Green beans are legumes, but unlike other beans, lentils and chickpeas, they are harvested and eaten young, before their seeds (beans) have fully matured, therefore the tender pod and small inner bean are both editible and they are eaten whole. Unlike other beans, lentils and chickpeas, green beans do not cause flatulence.

Originally from Central and South America, green beans were first brought to Europe in the early 1500s, and today are cultivated in Italy, Greece, Turkey and India., as well as in parts of Asia.  

Green beans are classified by growth habit into two major groups, “bush” (or “dwarf”) beans and “pole” (or “climbing”) beans.

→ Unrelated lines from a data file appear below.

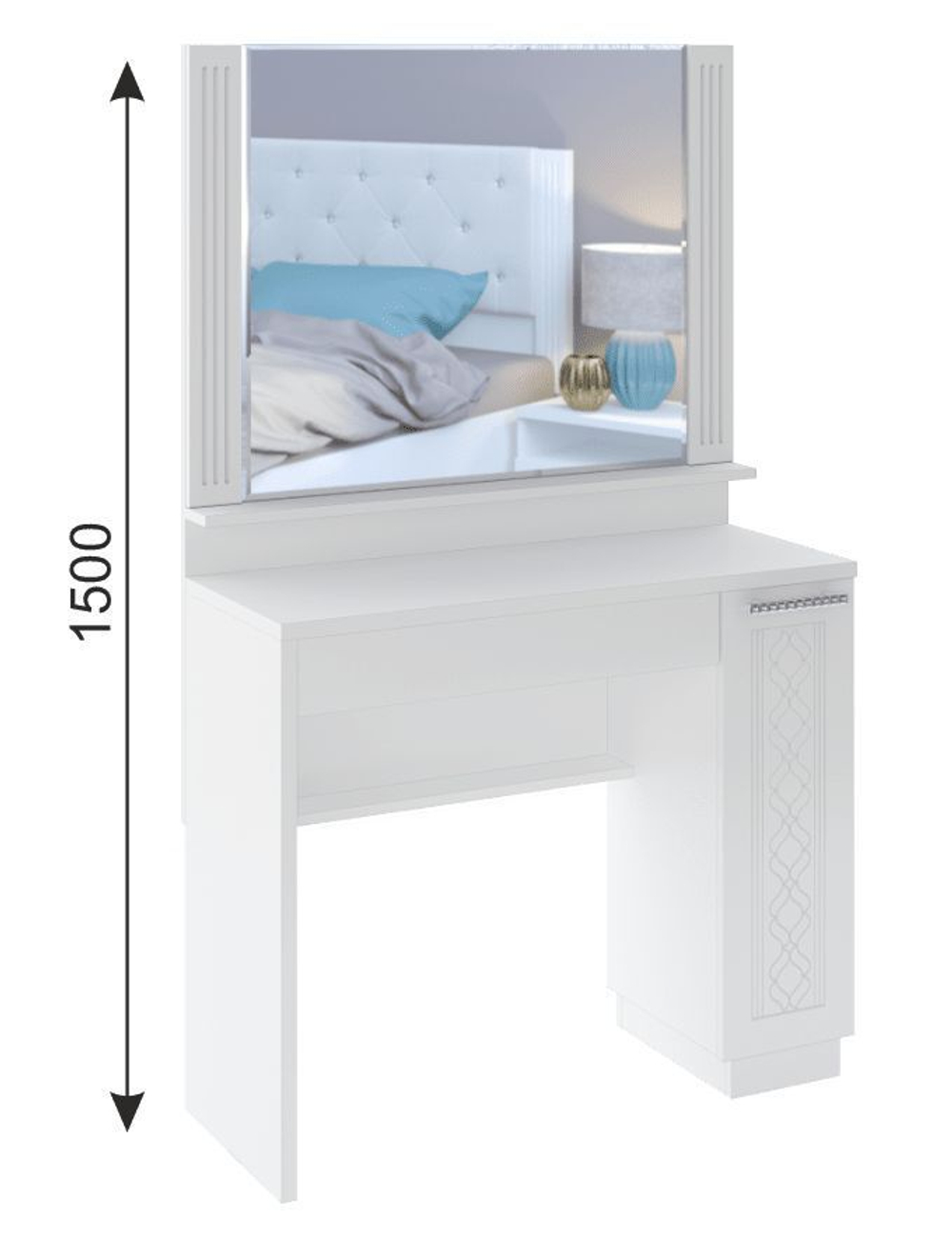 Туалетный столик с зеркалом, ящиками Белый Поры Дерева, Тиффани, 90х35х75 см RINNER мебельная фабрика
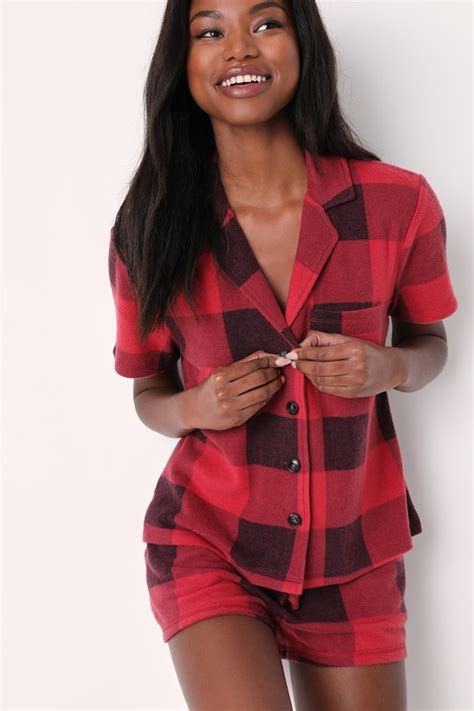 Red Plaid Pajamas Plaid Pajama Set Womens Sleepwear Set Lulus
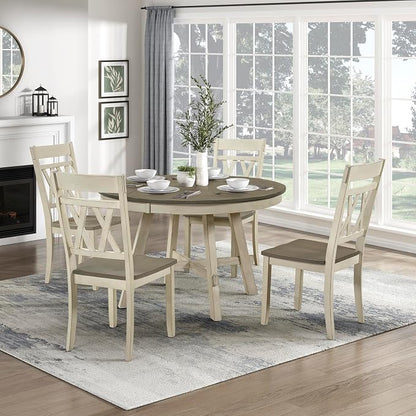 Lexicon 48 Inch Dia. Modern Round Dining Table, Wooden Kitchen Table, Seats for 4 People, Space Saving, for Kitchen, Dining Room, Two-Tone Finish (Greywash and Antique White)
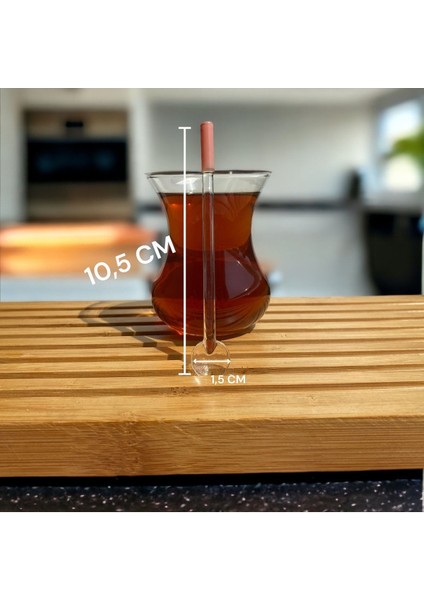 6 Adet Pembe Cam Çay Kaşığı, Şık ve Kullanışlı Set modelleri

They can be eaten raw or steamed just until tender, boiled, stir-fried (esp. with tofu, garlic and chillies), baked or braised.  Raw or steamed, they are wonderful in summer salads; one of the Mediterranean’s traditional summer dishes:  braised with tomatoes, onions, and fresh herbs such as dill, is good at cool room temperature, much like a salad or antipasto/meze, as it is served hot. Green beans may be added to vegetable soups, such as minestrone, and are delicious pickled in a salt and vinegar brine. Added to meat or vegetable stews, especially cooked in olive oil, they are the soul of the Mediterranean; and what better summer lunch than insalata tricolore: cooked green beans, ripe tomatoes, and tender potatoes, the colours of the Italian flag, the taste of a Mediterranean summer.

They are eaten around the world—sold fresh, canned, and frozen. They are high in vitamin K, and also contain a good amount of calcium. These nutrients are important for maintaining strong, healthy bones and reducing the risk of fractures.